* DATASET EXCERPTS
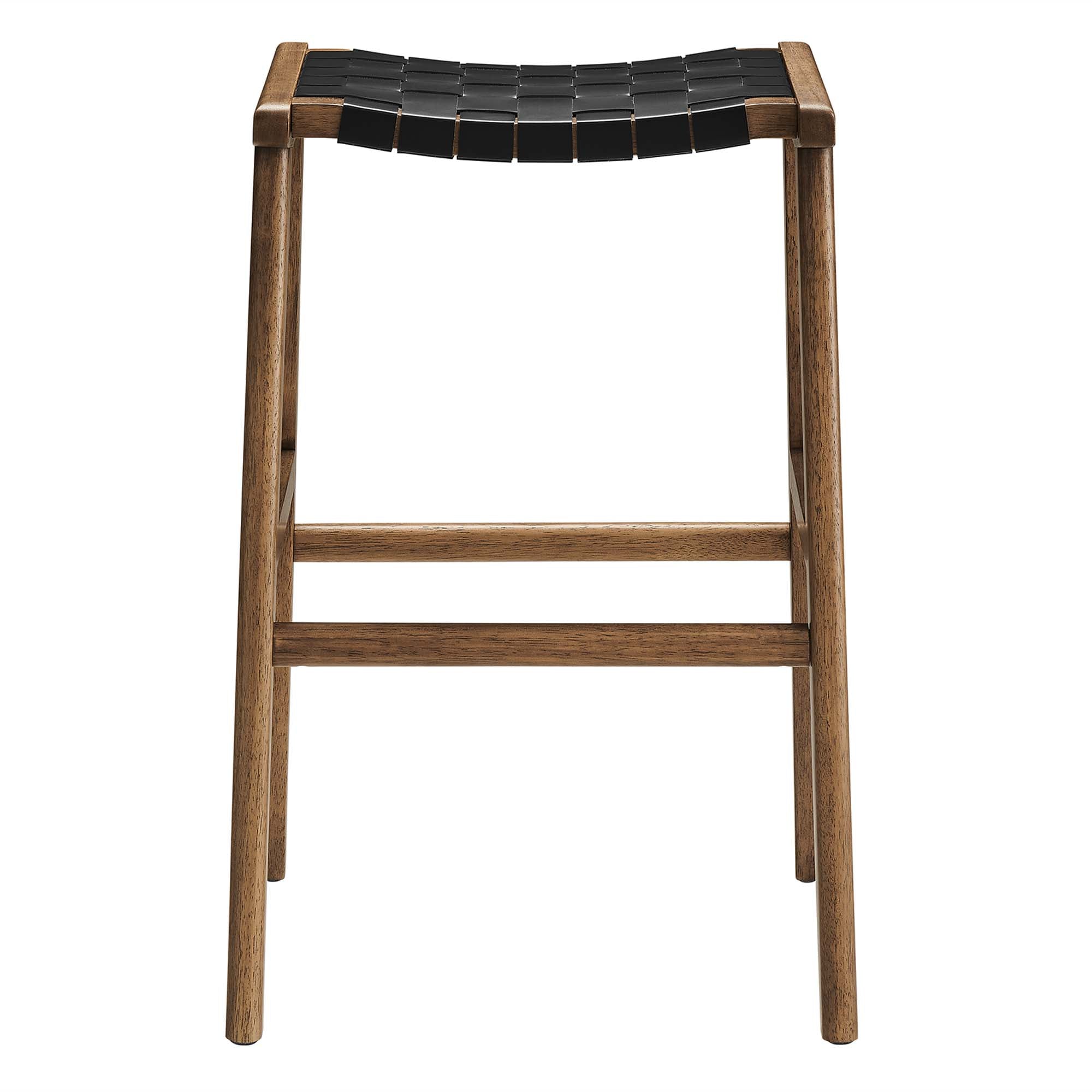 Saoirse Leather Wood Bar Stool Set of 2, Walnut Black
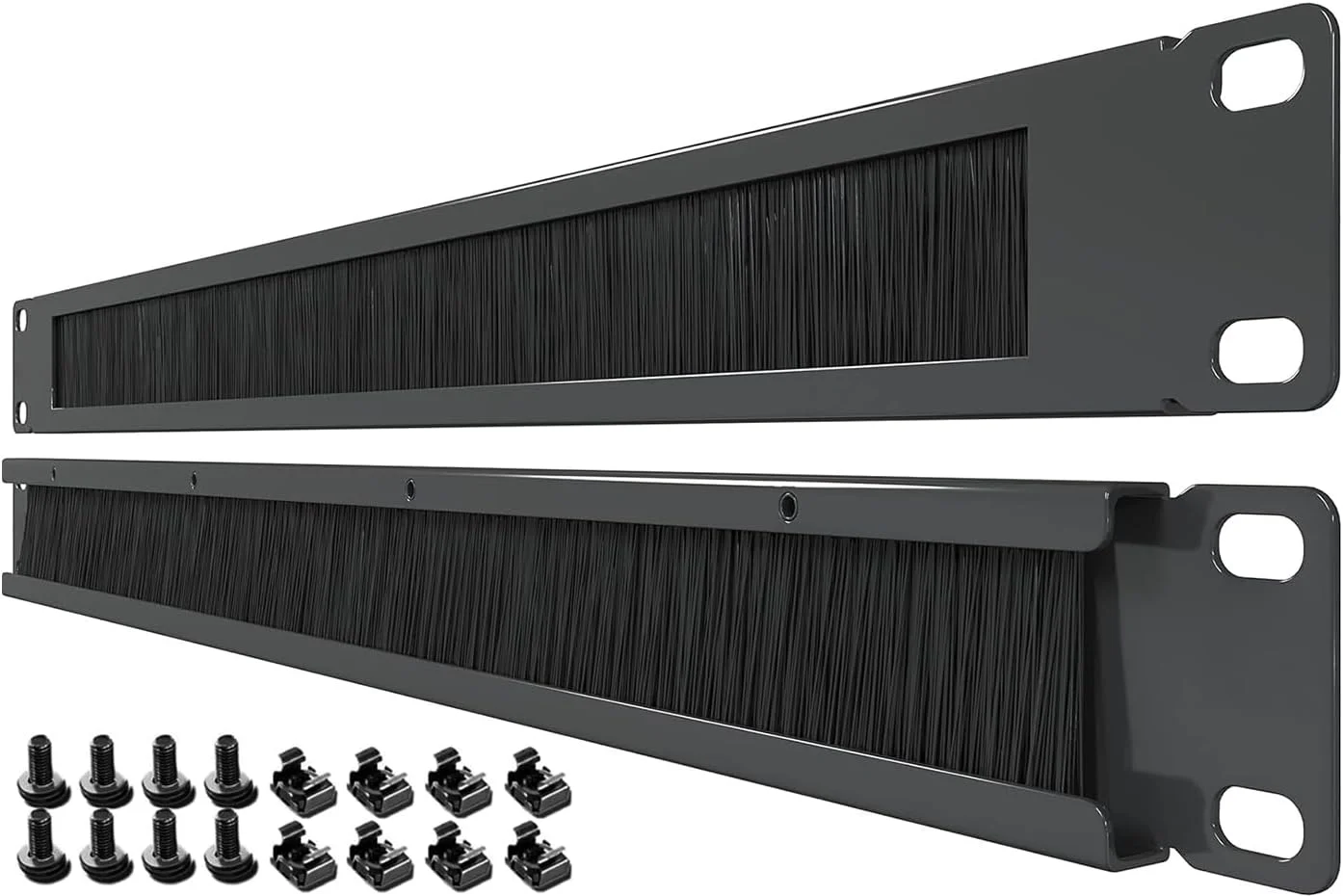 پنل برس دار 1U بسته 2 عددی، مدیریت کابل نواری رک مونت 19 اینچی برای ورود کابل به رک سرور شبکه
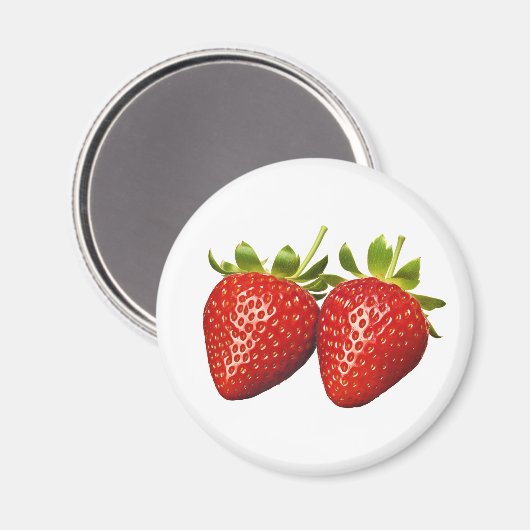 Erdbeeren Magnet (Vorderseite/Rückseite)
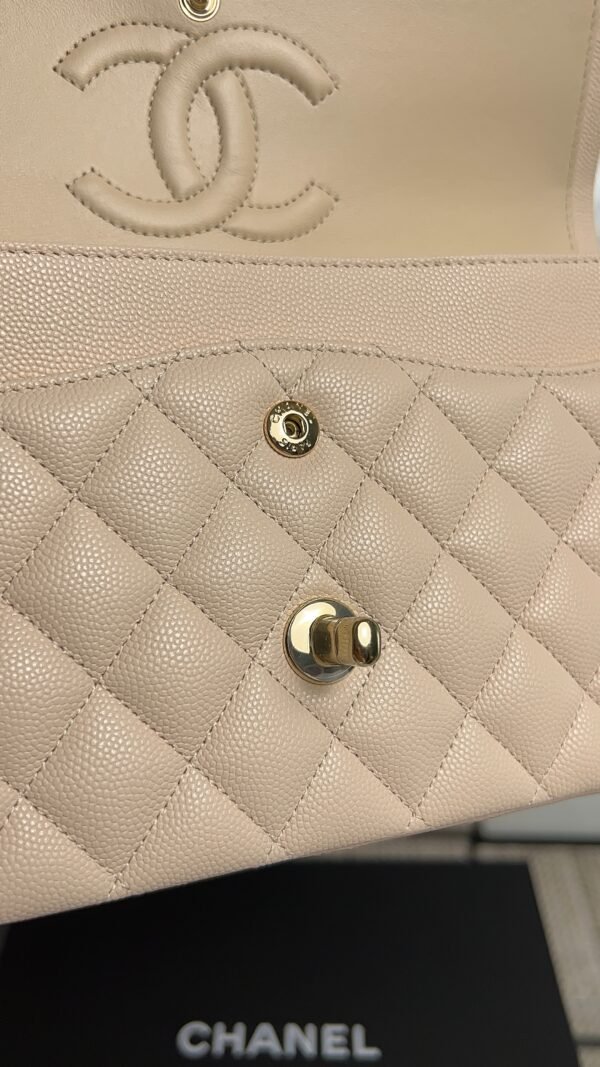Chanel Classic 11.12 Handbag Grained Calfskin & Light gold Metal  beige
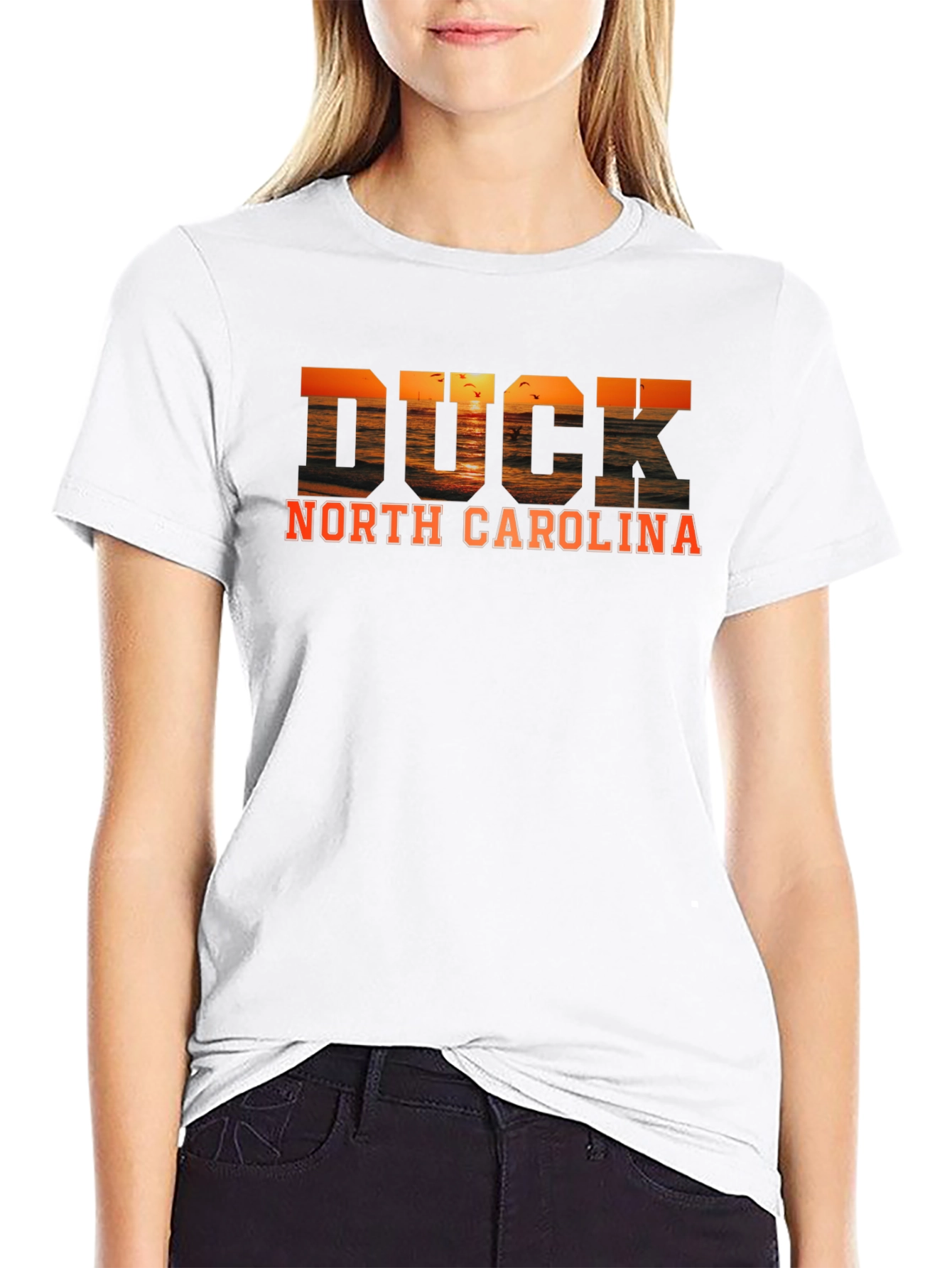 Duck North Carolina Sunset Graphic T-Shirt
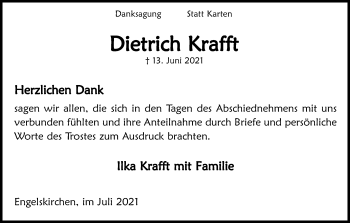 Anzeige von Dietrich Krafft von Kölner Stadt-Anzeiger / Kölnische Rundschau / Express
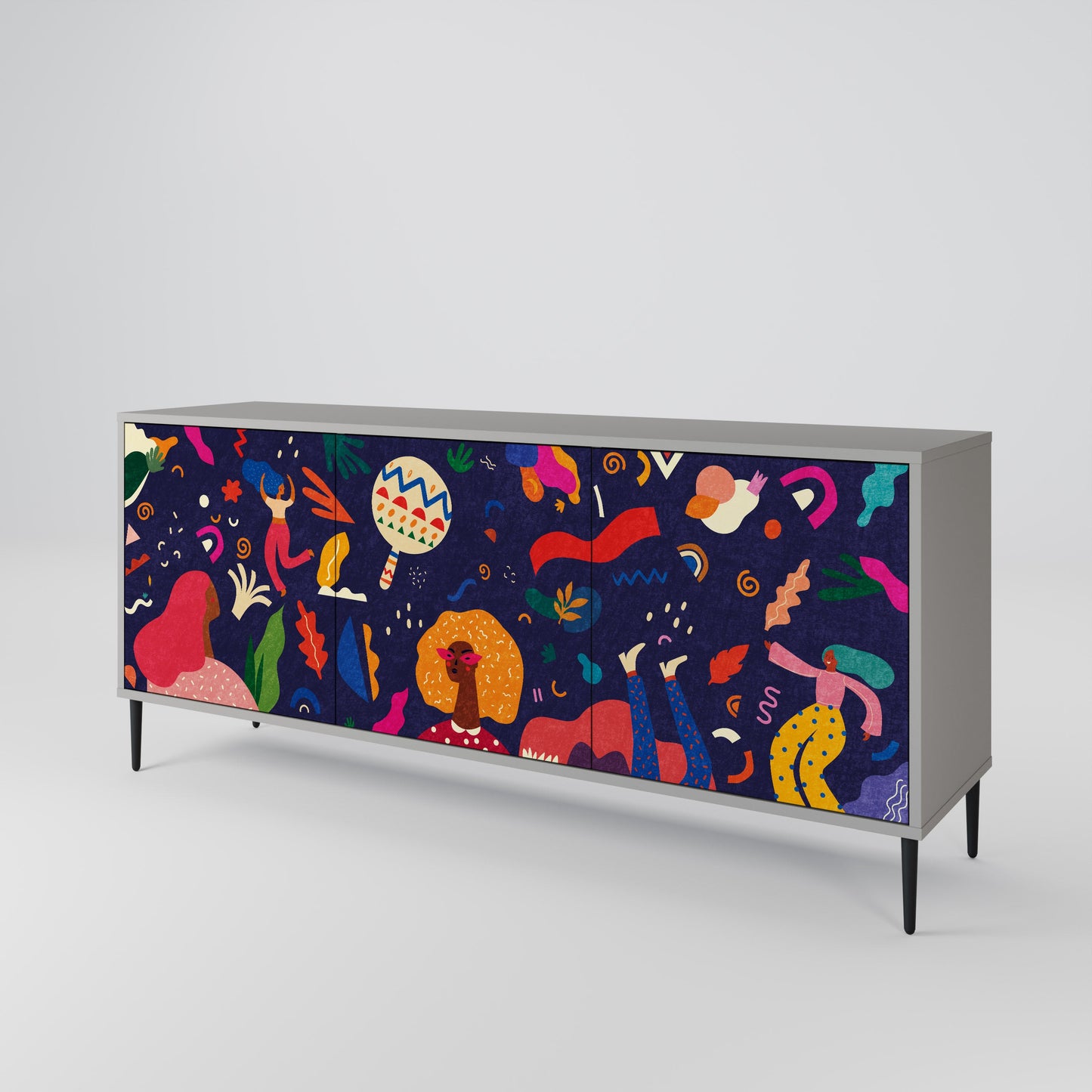 FESTIVE PLEASURES 3-Door Sideboard in Grey Finish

* WHAT IS BEING ASKED
Your copy of the records must match them exactly, except that no pictures appear in it.

* ANSWER TO THE EXERCISE
 Saoirse Leather Wood Bar Stool Set of 2, Walnut Black
 پنل برس دار 1U بسته 2 عددی، مدیریت کابل نواری رک مونت 19 اینچی برای ورود کابل به رک سرور شبکه
 Erdbeeren Magnet (Vorderseite/Rückseite)
Chanel Classic 11.12 Handbag Grained Calfskin & Light gold Metal  beige
 Duck North Carolina Sunset Graphic T-Shirt
 Anzeige von Dietrich Krafft von Kölner Stadt-Anzeiger / Kölnische Rundschau / Express
 FESTIVE PLEASURES 3-Door Sideboard in Grey Finish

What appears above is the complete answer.